● GIVEN DATA
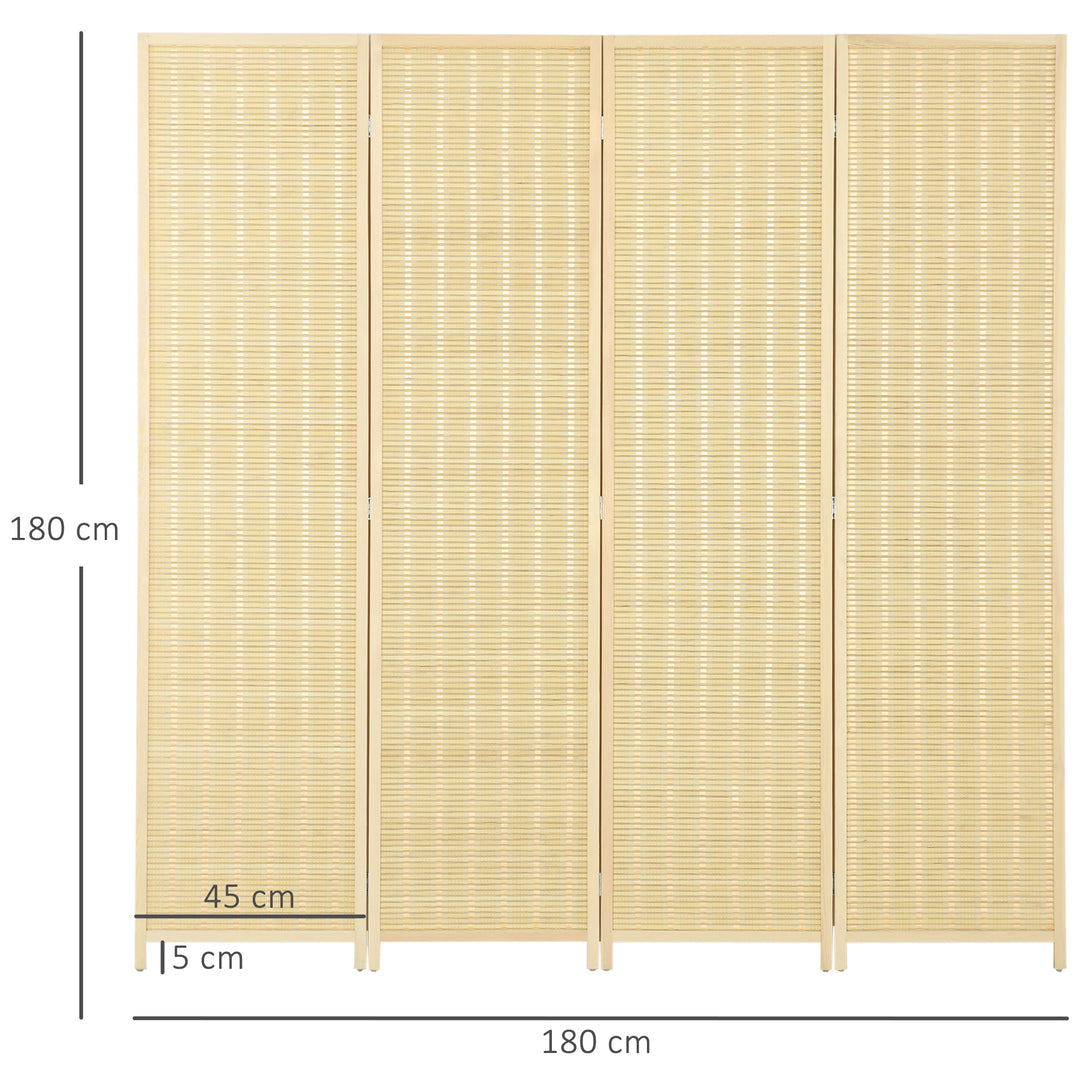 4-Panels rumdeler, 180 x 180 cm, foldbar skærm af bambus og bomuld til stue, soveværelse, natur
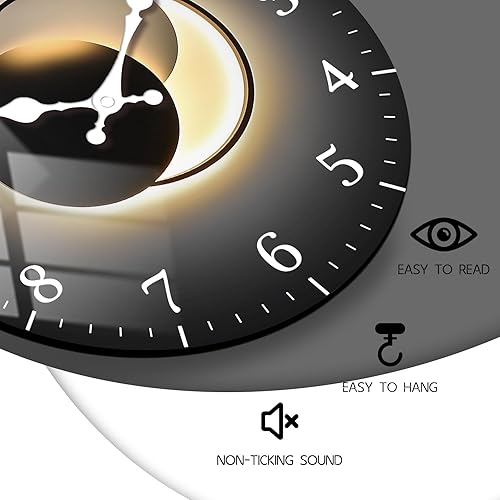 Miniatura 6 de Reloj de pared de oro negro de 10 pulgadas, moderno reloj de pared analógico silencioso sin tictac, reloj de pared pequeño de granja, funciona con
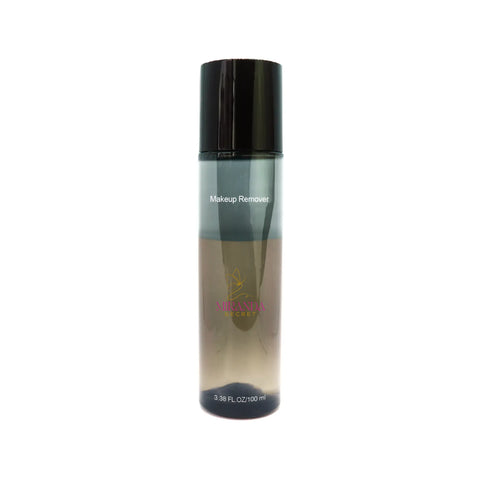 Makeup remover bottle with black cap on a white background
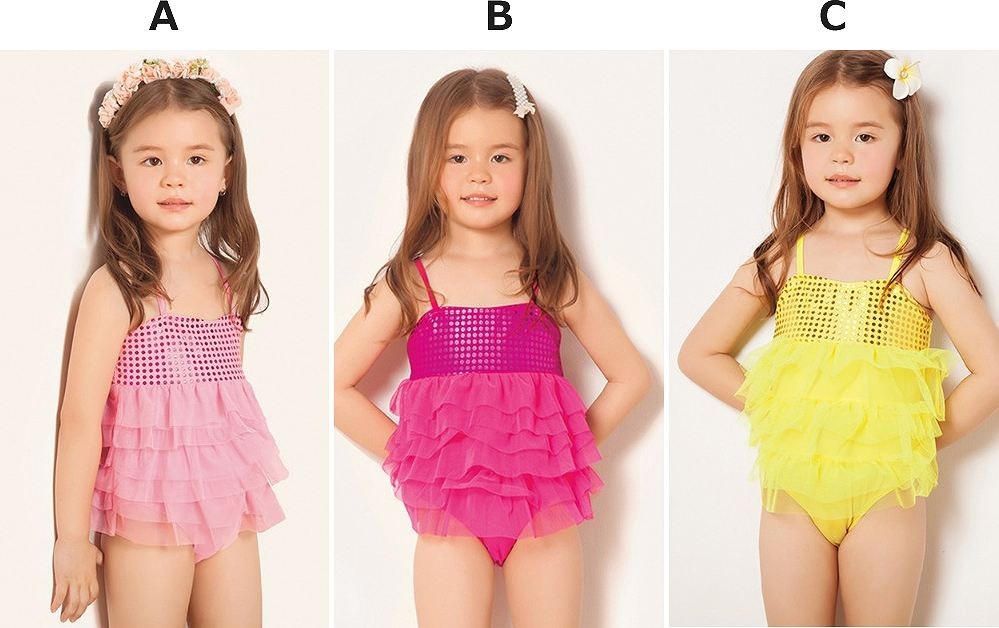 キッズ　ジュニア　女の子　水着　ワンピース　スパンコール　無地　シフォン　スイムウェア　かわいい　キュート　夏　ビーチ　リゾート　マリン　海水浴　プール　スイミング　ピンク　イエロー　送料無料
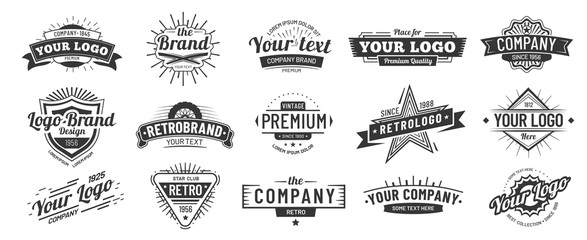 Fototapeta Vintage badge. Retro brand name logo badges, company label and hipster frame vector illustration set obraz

● YOUR GOAL
Starting at the line that holds "Miniatura 6 de" and ending at the last line of the material above, repeat each line exactly, both ends included, and leave the pictures out.

● RESULT
 Miniatura 6 de Reloj de pared de oro negro de 10 pulgadas, moderno reloj de pared analógico silencioso sin tictac, reloj de pared pequeño de granja, funciona con
 Makeup remover bottle with black cap on a white background
 キッズ　ジュニア　女の子　水着　ワンピース　スパンコール　無地　シフォン　スイムウェア　かわいい　キュート　夏　ビーチ　リゾート　マリン　海水浴　プール　スイミング　ピンク　イエロー　送料無料
 Fototapeta Vintage badge. Retro brand name logo badges, company label and hipster frame vector illustration set obraz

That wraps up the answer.